Critical to the success of this algorithm are the observations in the 17–20-μm microwindows, where water vapor absorption is stronger in comparison with the microwindows in the 8–13-μm region. Water vapor is concentrated primarily near the surface, and most clouds will generally be above a significant fraction of the total amount of water vapor. Because the AERI is measuring downwelling radiation, there will be some upper limit where the total precipitable water vapor (PWV) is high enough that the 17–20-μm microwindows are effectively closed and, thus, there is little to no sensitivity to clouds. Simulations using data at the ARM site in the SGP, where the PWV has a larger range than the Arctic, demonstrate that there is less than a 30-K brightness temperature difference at 560 cm−1 (the center of the 17.8-μm microwindow) and the nearby opaque lines when the PWV is greater than ∼1.0 cm (Fig. 8). Therefore, this algorithm should be able to yield cloud phase information for PWV amounts below this threshold. PWV below these amounts are typically found in the Arctic for most of the year with the exception of the summer (Serreze et al. 1995) and during the winter for some midlatitude sites, such as the ARM SGP site.

Case studies

The phase determination algorithm was applied to data collected by the AERI-ER at the SHEBA site from November 1997 to May 1998. The collocated DABUL (which was located within 100 m of the AERI) was used to evaluate the validity of the phase determination algorithm. Three case studies on 26, 23, and 21 April are presented to demonstrate the algorithm's ability to ascertain the cloud phase.

To calculate cloud emissivity from an observed AERI spectrum, an estimate of the effective cloud temperature is required. While we could use the cloud boundaries provided by the DABUL along with the temperature profile from the radiosondes (which were launched typically 4 times per day at SHEBA), we chose to use the minimum local emissivity variance (MLEV) method instead (Huang et al. 2001, 2002, manuscript submitted to J. Appl. Meteor.). This method retrieves the effective cloud temperature directly from the AERI data in an iterative manner and is independent of cloud boundary information. The basic technique, which is illustrated in Fig. 9, works as follows. A spectral region is chosen that has both weak and strong water vapor absorption lines, such as between 780–800 cm−1, and the emissivity in this region is calculated for a range of realistic cloud temperatures. The effective cloud temperature is the temperature for which the variance in the emissivity is at a minimum.

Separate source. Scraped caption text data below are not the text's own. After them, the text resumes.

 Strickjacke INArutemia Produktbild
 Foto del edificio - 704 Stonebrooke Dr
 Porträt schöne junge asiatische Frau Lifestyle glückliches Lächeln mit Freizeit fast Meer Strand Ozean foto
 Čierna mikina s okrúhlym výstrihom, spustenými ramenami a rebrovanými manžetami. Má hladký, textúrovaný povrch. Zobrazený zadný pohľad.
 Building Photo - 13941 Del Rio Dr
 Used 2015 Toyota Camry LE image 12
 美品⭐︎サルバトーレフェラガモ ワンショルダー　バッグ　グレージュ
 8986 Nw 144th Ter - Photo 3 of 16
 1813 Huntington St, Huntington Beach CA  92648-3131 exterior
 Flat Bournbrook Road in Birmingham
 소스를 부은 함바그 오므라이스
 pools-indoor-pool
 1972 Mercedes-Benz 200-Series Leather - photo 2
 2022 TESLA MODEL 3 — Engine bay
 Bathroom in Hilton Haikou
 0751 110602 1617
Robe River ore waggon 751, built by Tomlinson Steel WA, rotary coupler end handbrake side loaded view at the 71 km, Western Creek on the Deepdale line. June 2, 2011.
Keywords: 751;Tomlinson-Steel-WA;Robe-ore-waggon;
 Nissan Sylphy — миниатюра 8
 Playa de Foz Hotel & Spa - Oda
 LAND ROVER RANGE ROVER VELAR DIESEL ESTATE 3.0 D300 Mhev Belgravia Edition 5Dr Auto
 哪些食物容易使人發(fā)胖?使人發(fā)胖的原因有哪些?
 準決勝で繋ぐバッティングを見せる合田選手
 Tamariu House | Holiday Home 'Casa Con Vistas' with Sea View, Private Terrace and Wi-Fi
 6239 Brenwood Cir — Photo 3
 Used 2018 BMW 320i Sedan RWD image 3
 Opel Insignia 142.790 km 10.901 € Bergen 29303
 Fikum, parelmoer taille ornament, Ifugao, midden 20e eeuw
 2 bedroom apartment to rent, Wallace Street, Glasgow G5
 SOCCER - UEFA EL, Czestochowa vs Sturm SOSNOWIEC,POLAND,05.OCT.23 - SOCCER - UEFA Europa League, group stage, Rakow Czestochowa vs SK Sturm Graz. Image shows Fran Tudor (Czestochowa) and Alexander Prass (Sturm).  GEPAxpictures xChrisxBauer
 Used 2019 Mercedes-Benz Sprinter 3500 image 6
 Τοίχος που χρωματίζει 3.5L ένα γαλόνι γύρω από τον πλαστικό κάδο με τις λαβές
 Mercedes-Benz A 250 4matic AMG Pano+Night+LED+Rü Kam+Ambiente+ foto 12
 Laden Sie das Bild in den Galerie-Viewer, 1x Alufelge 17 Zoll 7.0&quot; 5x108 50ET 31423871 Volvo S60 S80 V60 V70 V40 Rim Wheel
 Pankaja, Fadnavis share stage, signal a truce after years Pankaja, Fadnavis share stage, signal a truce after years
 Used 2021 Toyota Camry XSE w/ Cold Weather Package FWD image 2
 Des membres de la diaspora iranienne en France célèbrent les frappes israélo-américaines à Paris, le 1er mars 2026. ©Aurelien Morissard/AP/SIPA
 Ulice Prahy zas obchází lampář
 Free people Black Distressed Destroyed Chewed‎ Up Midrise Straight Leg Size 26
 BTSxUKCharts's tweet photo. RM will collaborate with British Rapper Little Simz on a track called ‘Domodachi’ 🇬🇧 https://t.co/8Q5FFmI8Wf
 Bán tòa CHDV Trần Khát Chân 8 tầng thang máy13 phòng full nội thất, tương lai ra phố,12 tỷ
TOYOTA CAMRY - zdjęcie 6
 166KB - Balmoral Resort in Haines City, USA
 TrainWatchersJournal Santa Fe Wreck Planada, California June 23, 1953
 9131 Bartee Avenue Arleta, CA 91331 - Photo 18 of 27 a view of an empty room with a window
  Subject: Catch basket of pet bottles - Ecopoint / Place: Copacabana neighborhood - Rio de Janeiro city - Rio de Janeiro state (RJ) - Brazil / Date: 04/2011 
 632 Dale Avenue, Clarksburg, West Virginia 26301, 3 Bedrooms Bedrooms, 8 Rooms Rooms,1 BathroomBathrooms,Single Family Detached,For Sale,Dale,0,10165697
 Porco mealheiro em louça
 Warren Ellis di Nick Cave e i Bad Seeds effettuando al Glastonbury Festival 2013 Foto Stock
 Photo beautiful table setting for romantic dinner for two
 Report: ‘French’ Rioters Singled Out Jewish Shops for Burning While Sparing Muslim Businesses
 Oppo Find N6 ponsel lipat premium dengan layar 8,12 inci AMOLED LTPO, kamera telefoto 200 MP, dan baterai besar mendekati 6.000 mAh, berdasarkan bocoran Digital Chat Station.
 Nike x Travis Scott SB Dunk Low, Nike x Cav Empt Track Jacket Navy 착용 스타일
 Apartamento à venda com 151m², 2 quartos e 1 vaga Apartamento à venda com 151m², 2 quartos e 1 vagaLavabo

A relatively simple cloud scene existed on 26 April over the Des Grosilliers, which was stationed at 76.00°N, 165.34°W. The winds were primarily westerly at the surface at about 3.5 m s−1, and the surface temperature was approximately −20°C. An upper-air high west of the ice camp helped to prevent thick cirrus clouds from moving over the site. Figure 10 shows that the clear-sky conditions during the beginning of the day gave way to a low, overcast cloud around midday; the cloud descended from approximately 800 to 500 m by the end of the day. These clouds strongly scattered the laser radiation, yet have a small depolarization ratio (less than 10%) and, thus, are considered to be liquid water clouds. The clouds on this day generally had an optically thickness greater than 3, the point at which the laser beam becomes fully attenuated by the cloud as indicated by the decrease in signal to noise above the cloud in the depolarization ratio. This cloud is correctly classified as a liquid water–only cloud by the AERI phase algorithm, except where the optical depth becomes larger than 5 and the algorithm indicates that the cloud is opaque. Note that the temperature of the cloud retrieved via the MLEV technique is about −21°C from 1300 to 1600 UTC, and about −23°C from 1800 to 2400 UTC, which agrees well with the temperature from the radiosonde profile at the cloud height. The temperatures from the MLEV technique are also very steady about these values, even though the cloud emissivity varies greatly.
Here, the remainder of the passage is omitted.